What is being asked:
Quote every line of the material beneath this one.

Source data:
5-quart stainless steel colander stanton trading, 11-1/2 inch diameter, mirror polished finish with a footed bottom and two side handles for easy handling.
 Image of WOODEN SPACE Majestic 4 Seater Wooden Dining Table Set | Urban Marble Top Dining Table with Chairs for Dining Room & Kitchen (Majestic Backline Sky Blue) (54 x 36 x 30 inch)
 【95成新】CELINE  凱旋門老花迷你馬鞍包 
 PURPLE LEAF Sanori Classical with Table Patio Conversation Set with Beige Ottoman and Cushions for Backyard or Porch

Reply:
5-quart stainless steel colander stanton trading, 11-1/2 inch diameter, mirror polished finish with a footed bottom and two side handles for easy handling.
 Image of WOODEN SPACE Majestic 4 Seater Wooden Dining Table Set | Urban Marble Top Dining Table with Chairs for Dining Room & Kitchen (Majestic Backline Sky Blue) (54 x 36 x 30 inch)
 【95成新】CELINE  凱旋門老花迷你馬鞍包 
 PURPLE LEAF Sanori Classical with Table Patio Conversation Set with Beige Ottoman and Cushions for Backyard or Porch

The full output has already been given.